The adaptations that take the places when the metabolism slows down, must reflect in slow processing and disposing unwanted stuff. Perhaps this is linked to having trouble handling caffeine. Xanthin oxidase requires similar nutrients as aldehyd oxidase, so riboflavin and molybdenum must be involved. It must stem from liver inflammation, which is odd since it's just ornamental. But if you have trouble with detoxification, it's possible that you are more prone to the adverse effects of niacin, especially as nicotinamide.
There are people blaming N-methylnicotinamide for the problems, but I don't know if that's correct. Copper seems to decrease the activity of Nicotinamide N-methyltransferase (the enzyme that methylates it) and manganese in excess increase it. However maybe the focus should be on improving the activity of aldehyd oxidase, which processes it further for excretion and prevents the accumulation of N-methylnicotinamide.

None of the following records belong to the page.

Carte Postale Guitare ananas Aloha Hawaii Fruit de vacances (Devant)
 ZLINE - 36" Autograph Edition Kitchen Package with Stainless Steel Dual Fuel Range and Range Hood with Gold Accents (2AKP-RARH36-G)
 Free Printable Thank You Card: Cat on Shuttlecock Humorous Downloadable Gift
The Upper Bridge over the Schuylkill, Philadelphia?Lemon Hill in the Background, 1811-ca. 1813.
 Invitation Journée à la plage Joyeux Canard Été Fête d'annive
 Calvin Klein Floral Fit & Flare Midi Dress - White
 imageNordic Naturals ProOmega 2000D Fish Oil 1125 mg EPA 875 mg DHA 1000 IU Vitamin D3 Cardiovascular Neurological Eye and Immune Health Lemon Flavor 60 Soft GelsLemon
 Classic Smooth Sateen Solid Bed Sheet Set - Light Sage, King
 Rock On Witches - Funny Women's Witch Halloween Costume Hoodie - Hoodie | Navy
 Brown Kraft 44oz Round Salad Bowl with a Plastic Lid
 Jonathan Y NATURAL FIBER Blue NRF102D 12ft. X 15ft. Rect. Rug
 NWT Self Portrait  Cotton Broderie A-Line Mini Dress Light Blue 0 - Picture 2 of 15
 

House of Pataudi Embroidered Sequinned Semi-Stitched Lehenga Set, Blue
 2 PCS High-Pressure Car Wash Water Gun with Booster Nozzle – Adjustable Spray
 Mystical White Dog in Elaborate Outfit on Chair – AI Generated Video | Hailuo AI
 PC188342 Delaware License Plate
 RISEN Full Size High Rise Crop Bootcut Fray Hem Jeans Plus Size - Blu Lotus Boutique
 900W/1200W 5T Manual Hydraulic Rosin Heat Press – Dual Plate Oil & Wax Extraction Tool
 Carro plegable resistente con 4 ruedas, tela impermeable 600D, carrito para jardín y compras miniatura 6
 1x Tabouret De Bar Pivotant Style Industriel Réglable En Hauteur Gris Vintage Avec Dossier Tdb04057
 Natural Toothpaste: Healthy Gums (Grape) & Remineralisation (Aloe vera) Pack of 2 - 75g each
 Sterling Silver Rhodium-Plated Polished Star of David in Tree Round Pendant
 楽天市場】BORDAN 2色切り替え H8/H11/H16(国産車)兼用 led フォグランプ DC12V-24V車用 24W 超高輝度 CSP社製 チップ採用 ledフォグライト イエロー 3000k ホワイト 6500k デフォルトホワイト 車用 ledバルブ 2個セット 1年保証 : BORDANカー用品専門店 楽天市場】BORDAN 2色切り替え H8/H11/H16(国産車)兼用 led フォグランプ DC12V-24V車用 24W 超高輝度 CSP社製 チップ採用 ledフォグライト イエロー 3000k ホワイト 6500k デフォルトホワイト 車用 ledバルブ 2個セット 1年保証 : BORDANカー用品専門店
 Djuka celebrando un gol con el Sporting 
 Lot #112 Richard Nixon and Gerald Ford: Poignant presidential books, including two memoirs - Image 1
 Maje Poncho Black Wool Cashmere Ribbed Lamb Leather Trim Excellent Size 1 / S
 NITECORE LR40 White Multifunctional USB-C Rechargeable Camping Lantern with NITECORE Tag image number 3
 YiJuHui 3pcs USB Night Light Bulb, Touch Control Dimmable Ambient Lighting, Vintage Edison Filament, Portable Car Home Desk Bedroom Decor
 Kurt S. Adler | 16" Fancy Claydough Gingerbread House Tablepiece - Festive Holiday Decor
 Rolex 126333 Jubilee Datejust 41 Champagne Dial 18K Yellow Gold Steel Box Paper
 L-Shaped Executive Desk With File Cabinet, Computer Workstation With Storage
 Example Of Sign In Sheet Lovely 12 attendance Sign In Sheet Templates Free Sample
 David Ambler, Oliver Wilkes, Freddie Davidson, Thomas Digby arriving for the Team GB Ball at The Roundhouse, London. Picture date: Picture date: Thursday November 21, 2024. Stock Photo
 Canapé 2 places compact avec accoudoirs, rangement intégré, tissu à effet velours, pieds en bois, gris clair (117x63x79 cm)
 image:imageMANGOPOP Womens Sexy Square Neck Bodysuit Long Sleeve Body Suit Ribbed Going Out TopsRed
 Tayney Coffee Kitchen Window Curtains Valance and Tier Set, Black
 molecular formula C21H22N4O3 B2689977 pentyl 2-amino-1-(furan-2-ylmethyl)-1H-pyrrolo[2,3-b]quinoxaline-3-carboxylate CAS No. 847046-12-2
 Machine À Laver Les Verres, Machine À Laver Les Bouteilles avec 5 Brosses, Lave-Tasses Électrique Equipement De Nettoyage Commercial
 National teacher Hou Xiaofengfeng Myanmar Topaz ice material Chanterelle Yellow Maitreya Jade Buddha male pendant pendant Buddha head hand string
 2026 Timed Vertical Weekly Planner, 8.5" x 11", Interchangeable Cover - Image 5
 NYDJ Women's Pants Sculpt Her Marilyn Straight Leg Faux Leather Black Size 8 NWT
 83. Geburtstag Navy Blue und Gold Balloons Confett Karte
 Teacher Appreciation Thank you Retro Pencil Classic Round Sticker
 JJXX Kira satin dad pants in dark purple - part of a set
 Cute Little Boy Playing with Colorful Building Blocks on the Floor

It's also possible that this is a protective mechanism, and not methylating it would be more damaging as suggested by the first quote from the second link. If that's the case, lowering it would be a nicht, nicht for sure. But I'm just making the thoughts out of the loud.
And what happens to tryptophan when niacin is in excess?
Check out what are the best food sources of niacin and their cholin content. Even though niacin supplementation in lower doses should not be a problem, it can be when the rest of the diet is poor.